WHAT IS BEING ASKED:
The listing below holds pictures; exclude them. Return exactly the lines from the one with "Happy Heart Cartoon" through the one with "Brown Border Frame Photos Clip Art PNG".
════
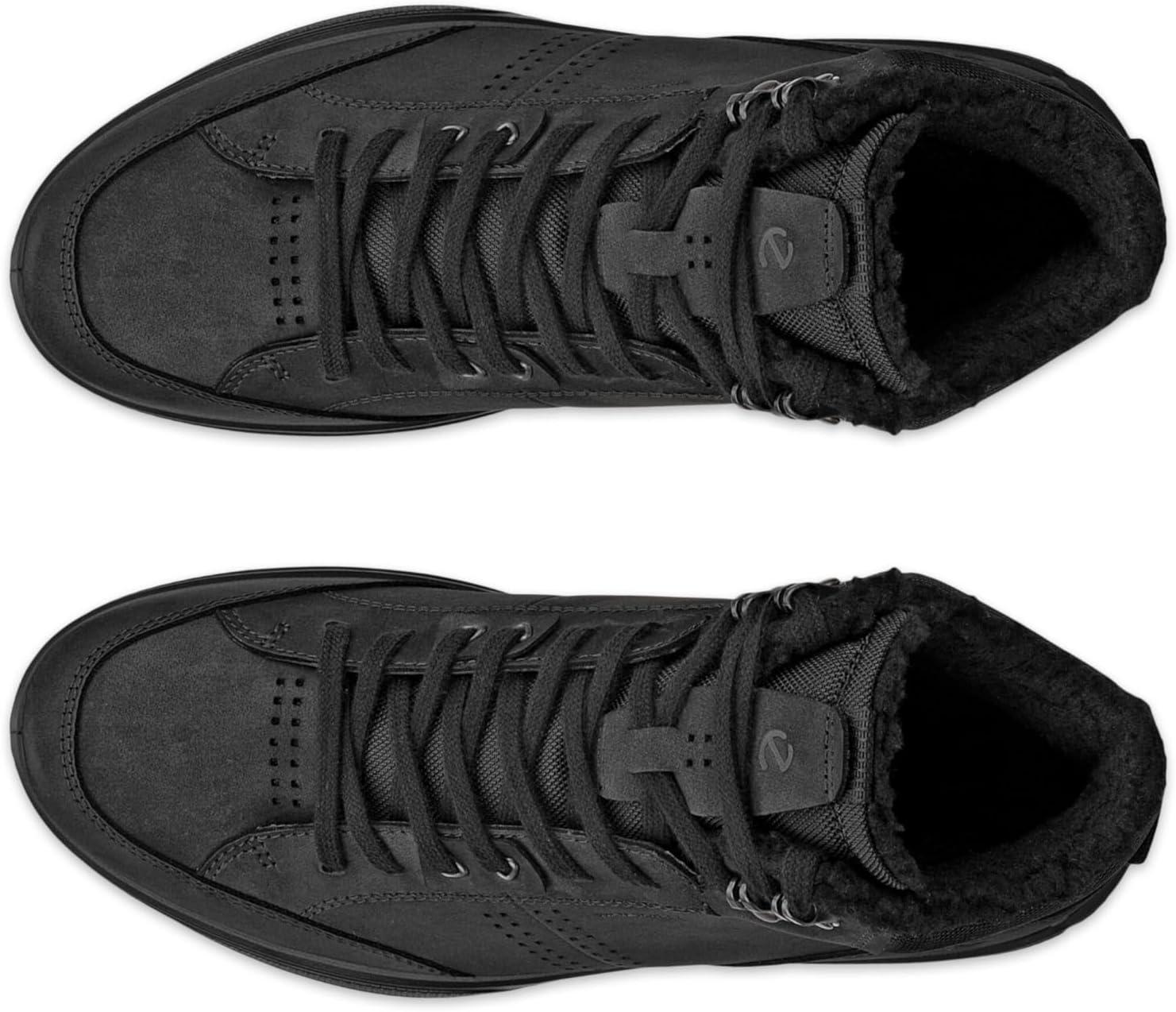 imageECCO Mens Byway 20 High Top Waterproof Ankle BootBlackBlack Nubuck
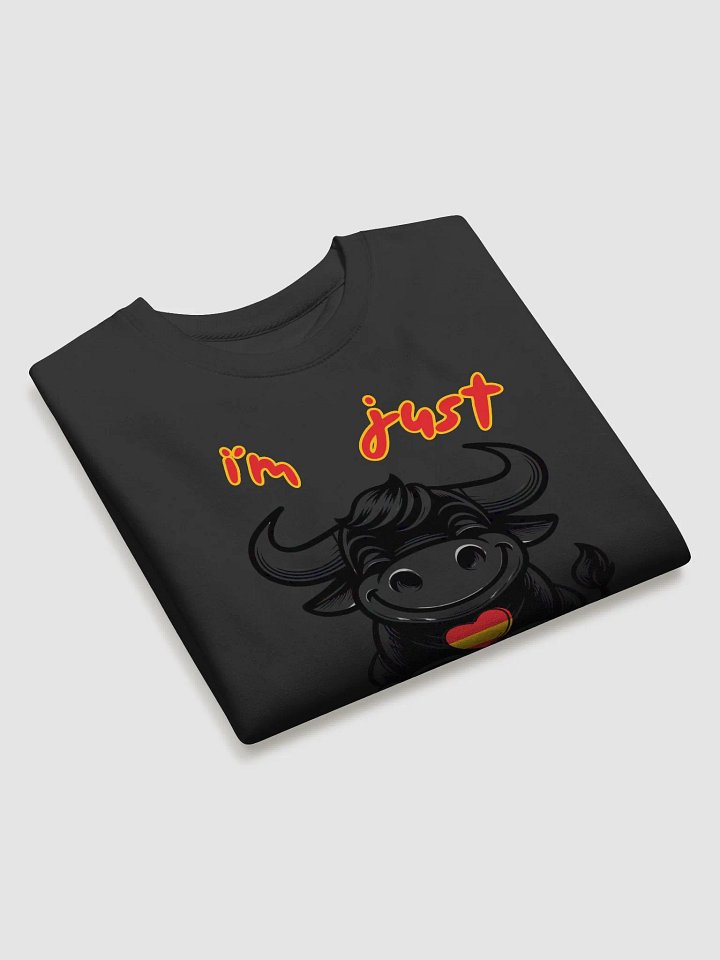 Happy Heart Cartoon Bull Sweatshirt product image (2)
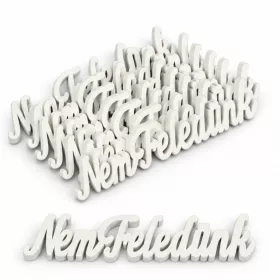 Nem feledünk felirat fehér 10cm 8db/cs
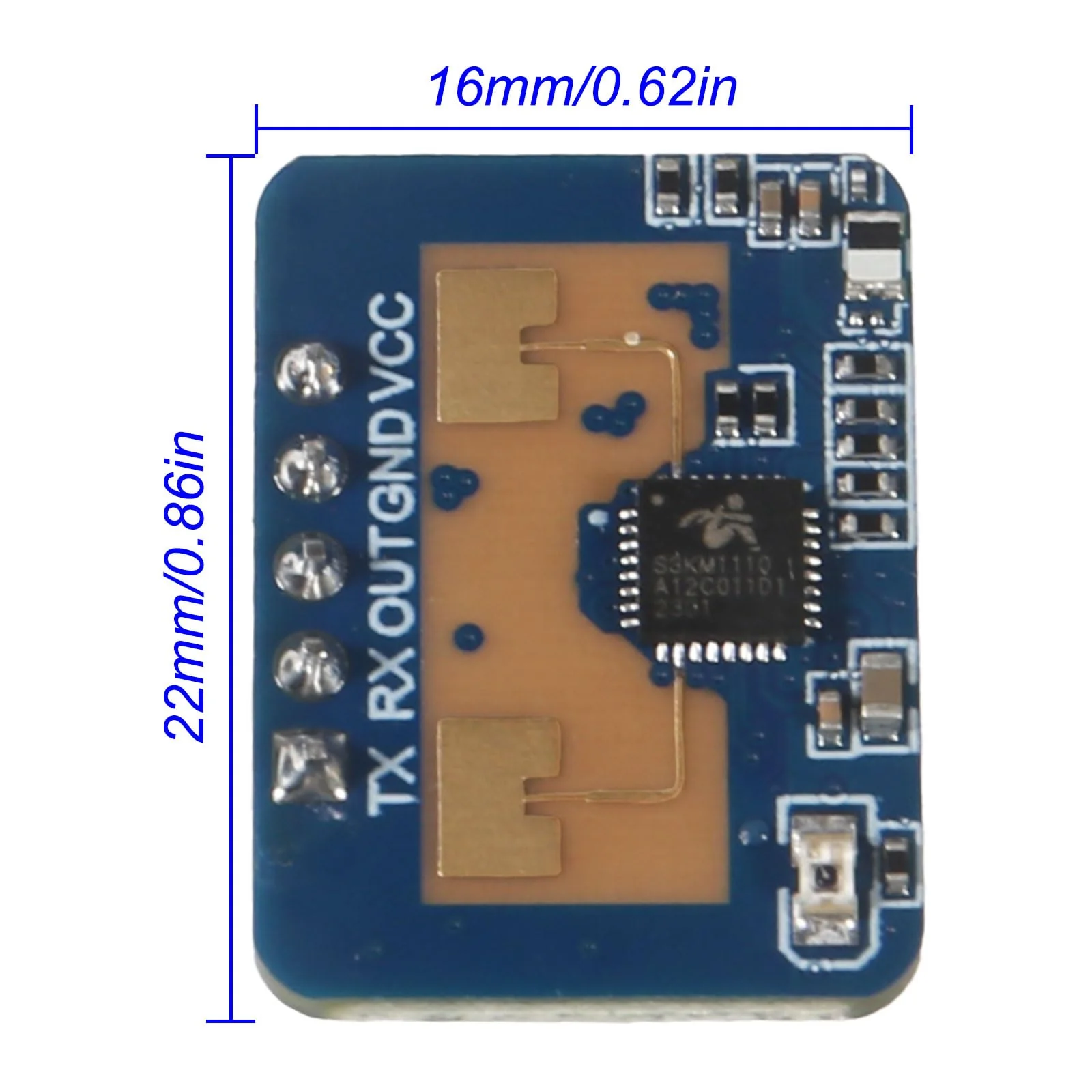 3pcs LD2410C Human Presence Radar Sensor Module HLK-LD2410 Sensor Module LD2410 Millimeter Wave Radar Sensor Module Non Contact 24GHz ISM Band Serial Port IO Level Output - Image 2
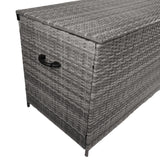 Rattan Cushion Storage Box - Grey - Used - Very Good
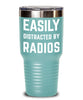 Funny Ham Radios Tumbler Easily Distracted By Radios Tumbler 20oz 30oz Stainless Steel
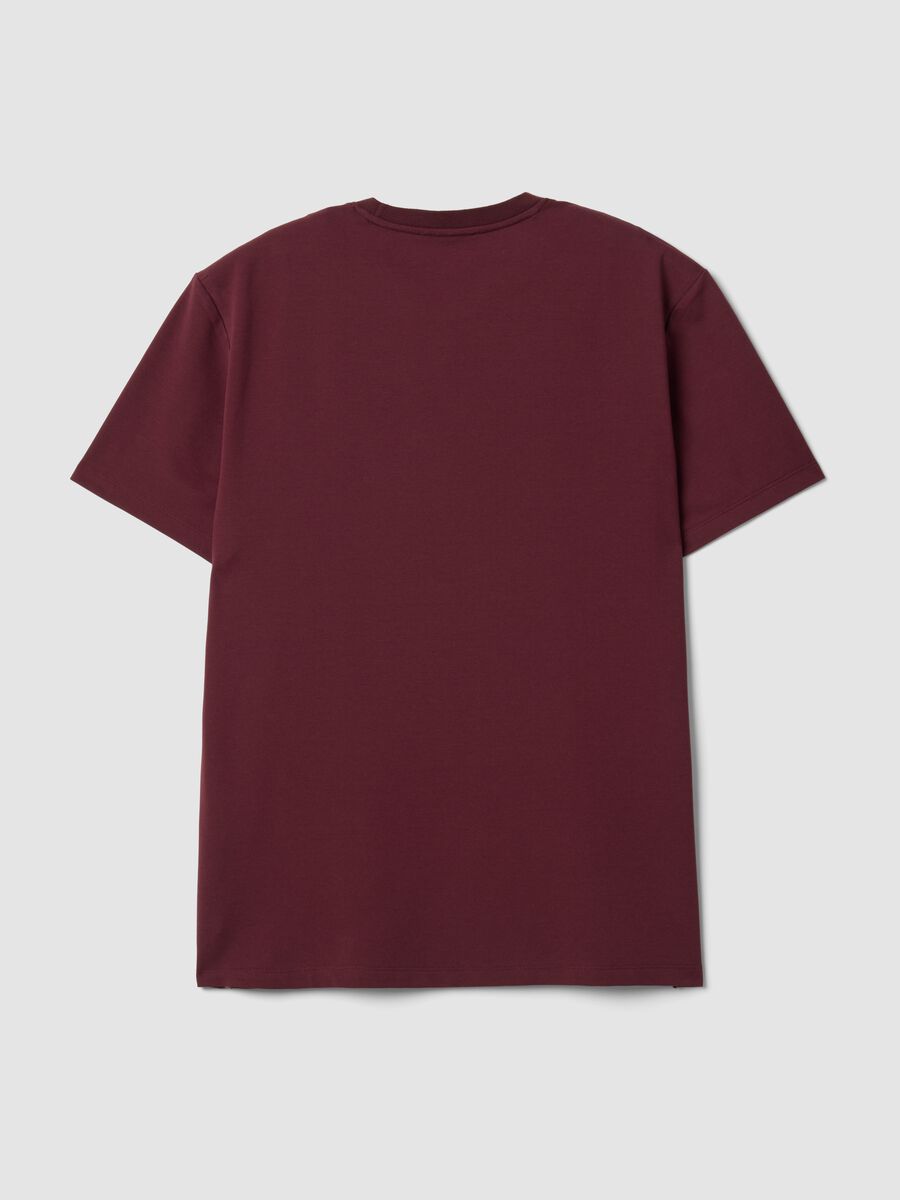 Red regular-fit stretch piqu&eacute; cotton-blend T-shirt with Easy Dry_6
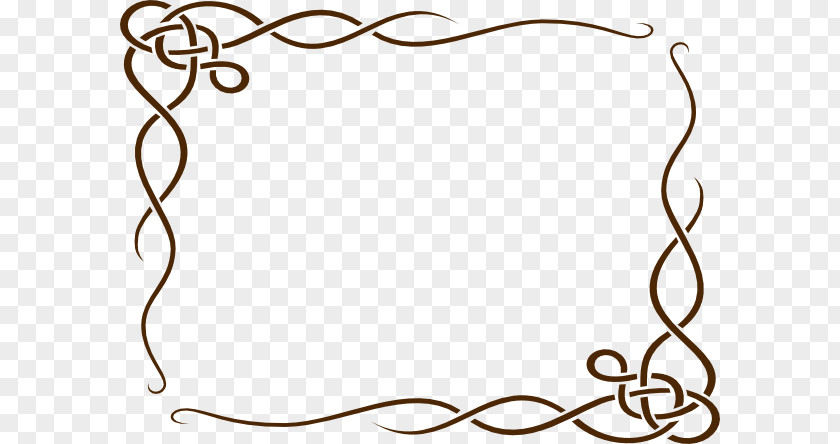 Brown Border Frame Photos Clip Art PNG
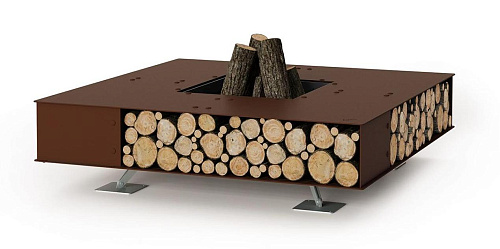 Modern Steel Fire Pit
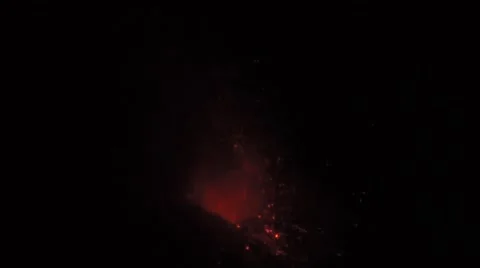 Volcano mount etna eruption Video stock 50033459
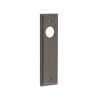 Burlington II Lever Plate Choices Latch Dark Bronze - By Frelan Hardware - BUR450DB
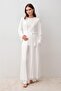 Long Sleeve Flexible Viscose Maternity Dressing Gown Pajama Set - 5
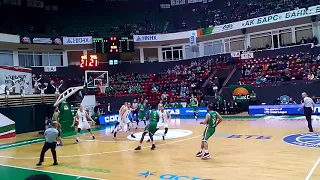 Joaklm Kolom три очка на первых секундах Unics-VEF Riga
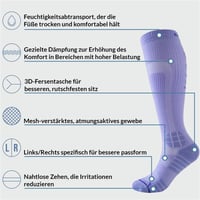 360 RELIEF Ciorapi compresivi pentru bărbați și femei - Șosete de susținere pentru probleme circulatorii 3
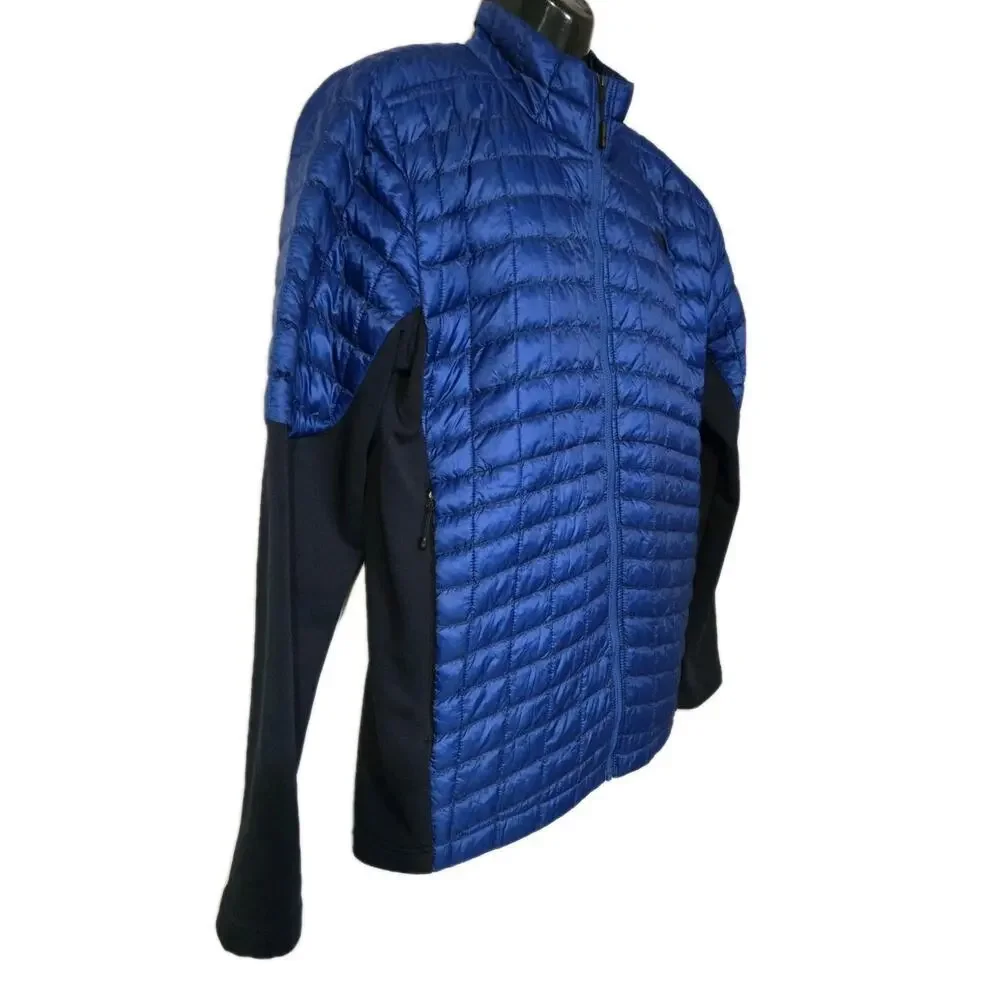 The North Face Momentum Thermoball Puffer Jacket Men's Sz L Blue Performance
════
ANSWER TO THIS TASK:
 Happy Heart Cartoon Bull Sweatshirt product image (2)
 Nem feledünk felirat fehér 10cm 8db/cs
 3pcs LD2410C Human Presence Radar Sensor Module HLK-LD2410 Sensor Module LD2410 Millimeter Wave Radar Sensor Module Non Contact 24GHz ISM Band Serial Port IO Level Output - Image 2
 Rattan Cushion Storage Box - Grey - Used - Very Good
 Funny Ham Radios Tumbler Easily Distracted By Radios Tumbler 20oz 30oz Stainless Steel
 Red regular-fit stretch piqu&eacute; cotton-blend T-shirt with Easy Dry_6
 Brown Border Frame Photos Clip Art PNG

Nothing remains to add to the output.